Harding, Kelley, and Thoreau
Walter Harding (1917-1996) was born in Bridgewater, Massachusetts. In addition to being an internationally recognized scholor of Thoreau, he was a distinguished professor at SUNY Geneseo.
Although he spent most of his career at Geneseo, Harding previously taught at the University of Virginia, Rutgers University, and the University of North Carolina. He worked at Geneseo from 1956-1982. At the college, Harding served as chair of the English Department for six years and was awarded several of SUNY’s highest honors. In fact, in 1983 (one year after his retirement), Harding became the first SUNY faculty member to be granted an honorary doctorate from SUNY itself.
Harding was devoted to studying the life and works of Thoreau. He wrote more than 25 books and articles on Thoreau; this includes biography of Thoreau, The Days of Henry David Thoreau, is considered the ultimate study of Thoreau’s life. Harding edited an edition of Thoreau's Walden that restores Thoreau's sketches to the text and includes abundant footnotes. He also founded the Thoreau Society, serving as the first secretary and at one point the president.
Harding’s impact at Geneseo continues to be acknowledged in several ways. His wife, Marjorie Brook Harding, endowed an annual lecture at SUNY Geneseo that bears his name. Each fall, the Walter Harding Lecture brings a distinguished scholar of American literature related to Thoreau to campus. Perhaps most notably, Geneseo's English Department holds meetings, special events, and lectures in the Walter Harding Room of Welles Hall.
Walter Harding's interest in civil rights is reflective of the time period he lived throughout which also sparked his interest in Kelley. Another exhibit in this site that portrays this more in depth is the The Days of Walter Harding, Thoreau Scholar. Harding's stance on civil disobedience is relevant to the time period he was apart of. The mid 20th century was a time of civil disobedience as segregation, civil unrest, womens rights, and vietnam war protests were occuring.
A Different Drummer was written in the civil rights era, at a time where all that he stood for and supports was evident in society. Kelley's empowerment of the political vision he depicts in the novel suggests how the civil rights era racial hostility, oppression and reparation.

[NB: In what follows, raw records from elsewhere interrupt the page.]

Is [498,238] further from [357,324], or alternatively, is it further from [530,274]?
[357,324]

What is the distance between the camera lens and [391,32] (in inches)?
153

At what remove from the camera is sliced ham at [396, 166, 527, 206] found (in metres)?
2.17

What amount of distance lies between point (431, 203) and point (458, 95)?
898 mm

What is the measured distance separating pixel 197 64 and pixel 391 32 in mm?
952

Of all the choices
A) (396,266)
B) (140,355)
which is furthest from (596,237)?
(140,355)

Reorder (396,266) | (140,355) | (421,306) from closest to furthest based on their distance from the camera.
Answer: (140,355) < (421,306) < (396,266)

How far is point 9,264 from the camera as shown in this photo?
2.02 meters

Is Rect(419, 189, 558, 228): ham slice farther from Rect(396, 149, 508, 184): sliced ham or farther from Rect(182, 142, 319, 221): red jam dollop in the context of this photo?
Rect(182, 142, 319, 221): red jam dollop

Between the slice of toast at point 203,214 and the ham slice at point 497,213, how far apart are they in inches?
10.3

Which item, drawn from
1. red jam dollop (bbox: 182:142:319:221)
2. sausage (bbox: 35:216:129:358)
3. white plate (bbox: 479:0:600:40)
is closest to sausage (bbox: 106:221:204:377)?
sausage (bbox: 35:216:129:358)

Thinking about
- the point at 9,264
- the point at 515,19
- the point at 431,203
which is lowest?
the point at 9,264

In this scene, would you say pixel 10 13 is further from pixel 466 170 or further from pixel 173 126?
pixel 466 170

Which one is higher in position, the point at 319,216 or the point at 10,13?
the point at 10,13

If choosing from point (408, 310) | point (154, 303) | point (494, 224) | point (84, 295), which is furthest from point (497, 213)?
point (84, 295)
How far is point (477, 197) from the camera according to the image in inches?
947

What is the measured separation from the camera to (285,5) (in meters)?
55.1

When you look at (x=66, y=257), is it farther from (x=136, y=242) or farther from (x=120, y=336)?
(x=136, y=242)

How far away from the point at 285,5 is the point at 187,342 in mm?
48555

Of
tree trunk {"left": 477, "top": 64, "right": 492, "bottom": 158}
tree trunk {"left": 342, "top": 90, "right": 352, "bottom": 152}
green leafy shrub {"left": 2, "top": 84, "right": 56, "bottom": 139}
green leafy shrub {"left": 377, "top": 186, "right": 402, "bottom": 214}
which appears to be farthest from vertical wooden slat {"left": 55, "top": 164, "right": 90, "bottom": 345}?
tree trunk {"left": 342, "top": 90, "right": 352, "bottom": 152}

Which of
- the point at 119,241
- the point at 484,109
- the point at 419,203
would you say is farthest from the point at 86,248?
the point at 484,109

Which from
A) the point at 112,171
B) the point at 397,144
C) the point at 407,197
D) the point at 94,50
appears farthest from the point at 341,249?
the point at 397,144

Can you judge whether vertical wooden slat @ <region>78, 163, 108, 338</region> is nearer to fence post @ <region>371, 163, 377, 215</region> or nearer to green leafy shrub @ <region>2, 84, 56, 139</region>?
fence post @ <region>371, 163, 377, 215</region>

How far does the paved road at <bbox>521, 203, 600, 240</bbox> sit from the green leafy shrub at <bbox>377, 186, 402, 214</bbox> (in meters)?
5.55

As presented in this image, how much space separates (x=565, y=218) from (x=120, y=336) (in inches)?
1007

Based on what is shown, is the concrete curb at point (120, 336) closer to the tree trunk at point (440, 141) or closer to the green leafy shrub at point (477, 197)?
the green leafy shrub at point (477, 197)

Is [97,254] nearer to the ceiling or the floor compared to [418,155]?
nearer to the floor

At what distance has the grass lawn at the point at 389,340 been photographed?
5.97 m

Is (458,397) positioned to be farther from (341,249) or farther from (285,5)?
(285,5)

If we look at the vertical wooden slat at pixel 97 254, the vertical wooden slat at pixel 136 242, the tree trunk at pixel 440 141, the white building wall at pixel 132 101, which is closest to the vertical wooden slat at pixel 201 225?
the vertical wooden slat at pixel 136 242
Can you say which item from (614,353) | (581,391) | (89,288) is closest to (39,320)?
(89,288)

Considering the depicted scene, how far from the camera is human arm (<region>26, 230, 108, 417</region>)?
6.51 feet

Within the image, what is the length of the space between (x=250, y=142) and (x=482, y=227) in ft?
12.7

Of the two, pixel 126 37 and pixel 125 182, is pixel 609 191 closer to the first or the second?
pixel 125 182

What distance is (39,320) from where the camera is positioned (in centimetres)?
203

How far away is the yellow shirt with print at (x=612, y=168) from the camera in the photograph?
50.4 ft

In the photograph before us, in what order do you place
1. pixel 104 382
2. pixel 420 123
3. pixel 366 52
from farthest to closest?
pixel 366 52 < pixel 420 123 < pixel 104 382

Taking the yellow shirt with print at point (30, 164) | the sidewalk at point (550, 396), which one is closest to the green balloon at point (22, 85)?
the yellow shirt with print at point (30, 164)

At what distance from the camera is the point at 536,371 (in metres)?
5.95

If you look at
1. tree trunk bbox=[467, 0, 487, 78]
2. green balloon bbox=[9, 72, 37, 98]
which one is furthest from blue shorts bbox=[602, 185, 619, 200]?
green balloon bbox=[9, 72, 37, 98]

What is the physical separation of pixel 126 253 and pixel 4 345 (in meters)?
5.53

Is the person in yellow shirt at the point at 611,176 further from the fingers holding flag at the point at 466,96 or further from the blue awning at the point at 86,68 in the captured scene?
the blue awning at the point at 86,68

The book is essentially a response to many years of injustice that people experience.
A Different Drummer's title was influenced and derived from a quote by Henry David Thoreau : “If a man does not keep pace with his companions, perhaps it is because he hears a different drummer. Let him step to the music which he hears, however measured or far away.”
The connection between Kelley and Harding is evident through many of Hardings reviews of Kelleys works. They both valued advocating for civil rights and found themselves interesting in the civil rights movement of the 1960's.